India’s Structural Gaps: The Silent Drivers of Depreciation
The external environment may provide the spark, but India’s structural imbalances provide the dry grass.
- The Current-Account Reality
India’s trade deficit widened again last week, with fresh data showing stronger imports of electronics and intermediate goods. This comes on top of already elevated energy imports. The result: persistent and predictable dollar demand. - Patchy Capital Inflows
Portfolio flows turned negative again in the past few sessions after global risk sentiment deteriorated. And while FDI has been steady, it has not expanded at a pace that offsets the capital-flow volatility. - Inflation Differentials
India’s inflation is moderate, but the combination of:- sticky domestic core inflation,
- lower US inflation, and
- higher real US yields
continues to exert downward pressure on the rupee.
The arithmetic is simple: when the real yield gap widens, currencies adjust.
The RBI’s Approach: Stability Without Defensiveness
The Reserve Bank of India has once again demonstrated its long-standing philosophy — intervene only to prevent disorder, never to defend symbolic levels. Last week’s forex-reserve data showed a modest decline, indicating that the RBI allowed market forces to operate while offering liquidity only where necessary.
The rupee’s move past ₹90 is entirely consistent with this strategy. India has consciously avoided the pitfalls of rigid currency management. A controlled, fundamentals-driven depreciation is far more sustainable than artificial defence.
Gold and the Rupee: A Quiet Feedback Loop
Two developments in the past week deserve attention:
- RBI’s Steady Diversification Continues
The RBI added a small tranche to its gold reserves again this month — part of its long-term diversification strategy. Each such addition requires dollar payment, contributing to incremental demand at the margin. - Domestic Investors Are Buying More Gold Again
With the rupee touching new lows, jewellers reported a spike in retail gold enquiries last week. When households increase gold purchases in times of currency uncertainty, imports rise and the reinforcing loop begins: rupee weakness → gold buying → dollar demand → further pressure.

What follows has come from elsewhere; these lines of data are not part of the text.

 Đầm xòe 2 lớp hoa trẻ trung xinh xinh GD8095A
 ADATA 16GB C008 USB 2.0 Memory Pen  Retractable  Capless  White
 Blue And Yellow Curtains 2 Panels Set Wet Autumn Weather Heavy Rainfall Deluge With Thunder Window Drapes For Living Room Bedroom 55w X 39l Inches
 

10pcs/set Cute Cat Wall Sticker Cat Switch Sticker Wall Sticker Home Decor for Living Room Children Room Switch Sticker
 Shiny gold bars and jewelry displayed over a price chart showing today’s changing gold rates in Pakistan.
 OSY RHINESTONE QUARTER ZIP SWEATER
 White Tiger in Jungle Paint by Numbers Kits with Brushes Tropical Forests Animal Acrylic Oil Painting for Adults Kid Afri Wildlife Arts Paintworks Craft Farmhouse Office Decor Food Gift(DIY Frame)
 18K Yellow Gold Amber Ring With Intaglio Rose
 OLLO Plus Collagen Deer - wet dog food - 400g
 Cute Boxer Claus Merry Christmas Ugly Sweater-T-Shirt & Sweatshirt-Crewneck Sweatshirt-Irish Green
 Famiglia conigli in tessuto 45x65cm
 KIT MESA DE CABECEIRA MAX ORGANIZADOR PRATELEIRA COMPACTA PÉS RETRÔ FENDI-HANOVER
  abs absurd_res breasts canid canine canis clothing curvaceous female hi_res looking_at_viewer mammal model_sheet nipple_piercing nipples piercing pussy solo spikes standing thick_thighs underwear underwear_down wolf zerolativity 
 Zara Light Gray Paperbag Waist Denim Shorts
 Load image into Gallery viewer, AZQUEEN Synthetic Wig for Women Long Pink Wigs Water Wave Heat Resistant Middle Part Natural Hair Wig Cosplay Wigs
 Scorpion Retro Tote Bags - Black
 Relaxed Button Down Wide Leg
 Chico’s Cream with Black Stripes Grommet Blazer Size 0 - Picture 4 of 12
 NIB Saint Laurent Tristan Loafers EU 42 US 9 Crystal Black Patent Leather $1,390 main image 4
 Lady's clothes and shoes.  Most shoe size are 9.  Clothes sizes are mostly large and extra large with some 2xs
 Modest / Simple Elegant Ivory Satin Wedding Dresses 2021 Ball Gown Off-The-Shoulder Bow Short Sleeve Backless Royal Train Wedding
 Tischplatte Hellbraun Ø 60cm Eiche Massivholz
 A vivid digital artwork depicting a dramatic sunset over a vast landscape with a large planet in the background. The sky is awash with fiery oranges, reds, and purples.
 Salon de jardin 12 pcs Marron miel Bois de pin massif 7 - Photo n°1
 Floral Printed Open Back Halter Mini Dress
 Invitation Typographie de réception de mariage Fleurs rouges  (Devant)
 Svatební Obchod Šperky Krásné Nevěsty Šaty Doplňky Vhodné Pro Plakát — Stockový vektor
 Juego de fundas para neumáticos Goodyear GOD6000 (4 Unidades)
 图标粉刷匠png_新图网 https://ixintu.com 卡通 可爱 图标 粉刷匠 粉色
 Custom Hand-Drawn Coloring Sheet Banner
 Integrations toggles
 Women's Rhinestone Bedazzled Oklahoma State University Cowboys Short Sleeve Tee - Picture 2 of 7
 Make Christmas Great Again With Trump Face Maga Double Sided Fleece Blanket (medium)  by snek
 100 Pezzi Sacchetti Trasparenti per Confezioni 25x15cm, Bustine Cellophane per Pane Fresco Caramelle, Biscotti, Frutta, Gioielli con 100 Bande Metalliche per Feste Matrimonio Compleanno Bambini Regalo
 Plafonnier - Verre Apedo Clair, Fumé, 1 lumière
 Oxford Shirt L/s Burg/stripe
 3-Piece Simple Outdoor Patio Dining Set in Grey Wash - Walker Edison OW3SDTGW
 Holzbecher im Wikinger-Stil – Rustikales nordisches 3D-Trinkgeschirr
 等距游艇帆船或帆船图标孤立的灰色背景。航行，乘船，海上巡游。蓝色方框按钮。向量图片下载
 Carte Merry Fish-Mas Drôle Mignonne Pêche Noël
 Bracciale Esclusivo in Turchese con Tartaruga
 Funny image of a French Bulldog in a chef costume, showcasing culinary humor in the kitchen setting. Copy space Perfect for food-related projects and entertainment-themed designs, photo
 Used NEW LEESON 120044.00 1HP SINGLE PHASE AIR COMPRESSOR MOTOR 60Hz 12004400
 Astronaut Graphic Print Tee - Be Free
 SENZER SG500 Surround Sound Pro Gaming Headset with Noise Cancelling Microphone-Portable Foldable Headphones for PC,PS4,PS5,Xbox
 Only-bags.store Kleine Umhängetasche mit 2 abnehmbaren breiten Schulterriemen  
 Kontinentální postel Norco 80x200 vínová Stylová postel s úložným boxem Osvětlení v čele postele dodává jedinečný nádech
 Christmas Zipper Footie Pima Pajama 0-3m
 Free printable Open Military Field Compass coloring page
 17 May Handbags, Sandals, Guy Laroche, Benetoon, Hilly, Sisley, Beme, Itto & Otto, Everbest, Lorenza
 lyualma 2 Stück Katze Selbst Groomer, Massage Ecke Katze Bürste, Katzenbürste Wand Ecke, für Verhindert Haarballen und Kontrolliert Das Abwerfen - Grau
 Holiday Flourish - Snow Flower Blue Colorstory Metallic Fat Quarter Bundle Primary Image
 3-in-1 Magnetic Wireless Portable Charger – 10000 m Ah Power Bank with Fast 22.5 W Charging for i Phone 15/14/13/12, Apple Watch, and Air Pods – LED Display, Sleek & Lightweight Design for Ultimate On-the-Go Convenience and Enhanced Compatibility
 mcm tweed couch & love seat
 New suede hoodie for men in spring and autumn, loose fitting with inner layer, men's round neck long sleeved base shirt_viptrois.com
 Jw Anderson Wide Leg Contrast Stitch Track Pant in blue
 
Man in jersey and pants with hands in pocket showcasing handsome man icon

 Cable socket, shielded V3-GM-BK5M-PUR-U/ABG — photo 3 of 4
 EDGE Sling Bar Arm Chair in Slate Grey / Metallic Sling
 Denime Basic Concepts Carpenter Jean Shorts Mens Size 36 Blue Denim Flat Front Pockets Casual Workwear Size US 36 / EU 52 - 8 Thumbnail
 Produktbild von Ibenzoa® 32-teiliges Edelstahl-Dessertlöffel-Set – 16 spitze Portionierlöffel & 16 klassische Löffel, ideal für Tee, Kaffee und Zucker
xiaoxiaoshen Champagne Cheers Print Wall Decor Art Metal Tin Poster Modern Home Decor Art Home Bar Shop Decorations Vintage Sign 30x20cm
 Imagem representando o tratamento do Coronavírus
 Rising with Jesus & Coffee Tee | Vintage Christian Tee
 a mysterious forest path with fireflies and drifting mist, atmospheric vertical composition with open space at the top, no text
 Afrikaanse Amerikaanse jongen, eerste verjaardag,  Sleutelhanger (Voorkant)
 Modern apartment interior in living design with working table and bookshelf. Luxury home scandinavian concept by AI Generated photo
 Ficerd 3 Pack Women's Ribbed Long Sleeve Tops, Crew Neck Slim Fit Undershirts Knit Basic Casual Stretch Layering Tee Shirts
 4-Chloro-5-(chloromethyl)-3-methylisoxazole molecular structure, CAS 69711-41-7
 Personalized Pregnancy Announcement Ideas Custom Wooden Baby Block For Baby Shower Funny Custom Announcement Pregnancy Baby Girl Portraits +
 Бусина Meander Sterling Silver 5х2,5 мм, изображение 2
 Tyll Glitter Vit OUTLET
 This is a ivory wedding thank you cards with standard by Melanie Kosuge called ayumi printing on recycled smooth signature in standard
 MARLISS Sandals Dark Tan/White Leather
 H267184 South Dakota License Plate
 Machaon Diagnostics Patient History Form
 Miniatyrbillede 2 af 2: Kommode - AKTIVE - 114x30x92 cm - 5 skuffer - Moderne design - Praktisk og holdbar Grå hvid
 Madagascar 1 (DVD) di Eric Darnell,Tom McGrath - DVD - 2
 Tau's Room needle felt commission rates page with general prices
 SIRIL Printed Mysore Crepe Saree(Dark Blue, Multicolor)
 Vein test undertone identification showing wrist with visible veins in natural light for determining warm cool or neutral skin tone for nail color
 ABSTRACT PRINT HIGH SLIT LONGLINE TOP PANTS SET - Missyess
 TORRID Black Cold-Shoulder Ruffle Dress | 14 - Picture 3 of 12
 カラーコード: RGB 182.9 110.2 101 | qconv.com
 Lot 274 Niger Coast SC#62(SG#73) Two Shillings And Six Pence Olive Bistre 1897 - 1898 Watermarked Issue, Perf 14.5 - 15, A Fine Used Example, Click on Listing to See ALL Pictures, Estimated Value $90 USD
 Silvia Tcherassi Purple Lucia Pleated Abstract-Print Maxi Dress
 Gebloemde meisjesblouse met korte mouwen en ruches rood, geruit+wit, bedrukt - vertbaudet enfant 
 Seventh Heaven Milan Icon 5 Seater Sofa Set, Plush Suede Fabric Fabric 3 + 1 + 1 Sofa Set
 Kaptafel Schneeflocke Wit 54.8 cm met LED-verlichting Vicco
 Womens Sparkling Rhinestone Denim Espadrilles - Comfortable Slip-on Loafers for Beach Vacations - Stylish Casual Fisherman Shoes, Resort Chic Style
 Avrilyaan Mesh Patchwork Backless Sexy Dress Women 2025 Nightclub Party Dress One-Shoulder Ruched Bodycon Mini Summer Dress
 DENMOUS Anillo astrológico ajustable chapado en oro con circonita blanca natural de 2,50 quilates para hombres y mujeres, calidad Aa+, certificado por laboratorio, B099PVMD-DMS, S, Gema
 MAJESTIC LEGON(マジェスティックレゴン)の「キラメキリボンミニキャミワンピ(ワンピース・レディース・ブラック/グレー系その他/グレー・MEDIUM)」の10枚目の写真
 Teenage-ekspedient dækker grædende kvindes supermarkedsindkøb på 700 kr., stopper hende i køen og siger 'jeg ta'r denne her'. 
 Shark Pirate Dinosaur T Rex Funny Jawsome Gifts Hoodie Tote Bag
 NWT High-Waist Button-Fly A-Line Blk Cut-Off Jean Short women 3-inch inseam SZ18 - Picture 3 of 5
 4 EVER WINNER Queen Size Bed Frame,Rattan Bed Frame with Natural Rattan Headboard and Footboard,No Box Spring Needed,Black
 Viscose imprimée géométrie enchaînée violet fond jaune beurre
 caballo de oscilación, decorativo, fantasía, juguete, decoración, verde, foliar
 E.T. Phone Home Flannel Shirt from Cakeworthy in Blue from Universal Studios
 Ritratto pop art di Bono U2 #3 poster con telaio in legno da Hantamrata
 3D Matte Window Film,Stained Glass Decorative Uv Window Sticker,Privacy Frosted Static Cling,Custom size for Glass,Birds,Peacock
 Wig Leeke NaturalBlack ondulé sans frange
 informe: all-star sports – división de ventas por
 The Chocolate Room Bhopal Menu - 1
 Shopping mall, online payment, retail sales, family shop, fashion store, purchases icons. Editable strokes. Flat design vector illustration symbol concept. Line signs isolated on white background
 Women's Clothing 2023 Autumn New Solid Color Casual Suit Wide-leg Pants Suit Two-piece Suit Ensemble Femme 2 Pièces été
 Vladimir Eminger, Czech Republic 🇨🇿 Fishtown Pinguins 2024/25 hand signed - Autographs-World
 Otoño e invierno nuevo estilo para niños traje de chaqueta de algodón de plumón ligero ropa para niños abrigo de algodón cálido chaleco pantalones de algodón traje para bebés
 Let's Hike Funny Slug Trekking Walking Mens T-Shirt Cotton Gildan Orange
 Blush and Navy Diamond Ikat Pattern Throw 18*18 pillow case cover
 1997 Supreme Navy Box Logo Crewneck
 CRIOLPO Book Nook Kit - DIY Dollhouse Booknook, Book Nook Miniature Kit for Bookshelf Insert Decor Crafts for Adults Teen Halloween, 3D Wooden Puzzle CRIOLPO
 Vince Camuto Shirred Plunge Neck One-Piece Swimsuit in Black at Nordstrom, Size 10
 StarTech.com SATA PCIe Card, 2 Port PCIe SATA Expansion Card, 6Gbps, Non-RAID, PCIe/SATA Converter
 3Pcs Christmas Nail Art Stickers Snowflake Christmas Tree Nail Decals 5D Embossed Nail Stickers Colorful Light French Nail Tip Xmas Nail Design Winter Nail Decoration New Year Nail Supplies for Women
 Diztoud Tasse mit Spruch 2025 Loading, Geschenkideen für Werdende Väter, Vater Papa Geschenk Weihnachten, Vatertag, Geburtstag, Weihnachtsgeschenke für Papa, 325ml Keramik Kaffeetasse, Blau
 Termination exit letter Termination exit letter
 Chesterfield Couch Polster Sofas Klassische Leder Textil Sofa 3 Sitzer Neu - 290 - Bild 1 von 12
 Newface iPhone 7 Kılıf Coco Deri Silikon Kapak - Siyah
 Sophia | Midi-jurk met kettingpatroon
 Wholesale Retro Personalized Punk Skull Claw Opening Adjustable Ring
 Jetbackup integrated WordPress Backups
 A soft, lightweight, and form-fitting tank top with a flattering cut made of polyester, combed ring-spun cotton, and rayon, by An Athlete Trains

Gold remains a secondary driver, but an important amplifier.
Where the Rupee Goes From Here: A Structured Scenario Lens
Predicting a precise number is futile. What matters is understanding the corridor in which the rupee will naturally stabilise.
- Baseline Scenario: Gradual Convergence
If oil remains near current levels and global financial conditions do not worsen, the rupee will hover close to its fundamentals — moving gradually but without disorder. - Positive Scenario: Easing Global Conditions
If US yields soften, risk appetite improves, and emerging-market inflows revive, the rupee could regain some ground. India’s strong reserves, credible inflation targeting, and fiscal predictability would support this. - Risk Scenario: External Shock Spillovers
A geopolitical flare-up, a sudden oil spike, or an unexpected US macro surprise could temporarily push the rupee weaker. These would be overshoot episodes, not permanent shifts. India’s buffers are robust enough to prevent sustained disorder.
The Deeper Message: Strengthening India’s Economic Backbone
The rupee crossing ₹90 is not a warning siren; it is a macroeconomic mirror. It forces us to confront structural vulnerabilities that often remain invisible during periods of calm:
- a persistent import dependence
- inadequate export complexity
- uneven capital inflows
- productivity lags
- the need for stronger high-value manufacturing
- the urgency of deeper financial-sector reforms
The currency is not just a price. It is a story of the nation’s structural capacity.
The rupee’s new reality, therefore, is less about “weakness” and more about clarity — clarity about what India must strengthen to become truly shock-resilient: export competitiveness, supply-chain depth, energy diversification, and policy credibility.
The fall beyond ₹90 is not a fall. It is an inflection point — one that points to the work ahead.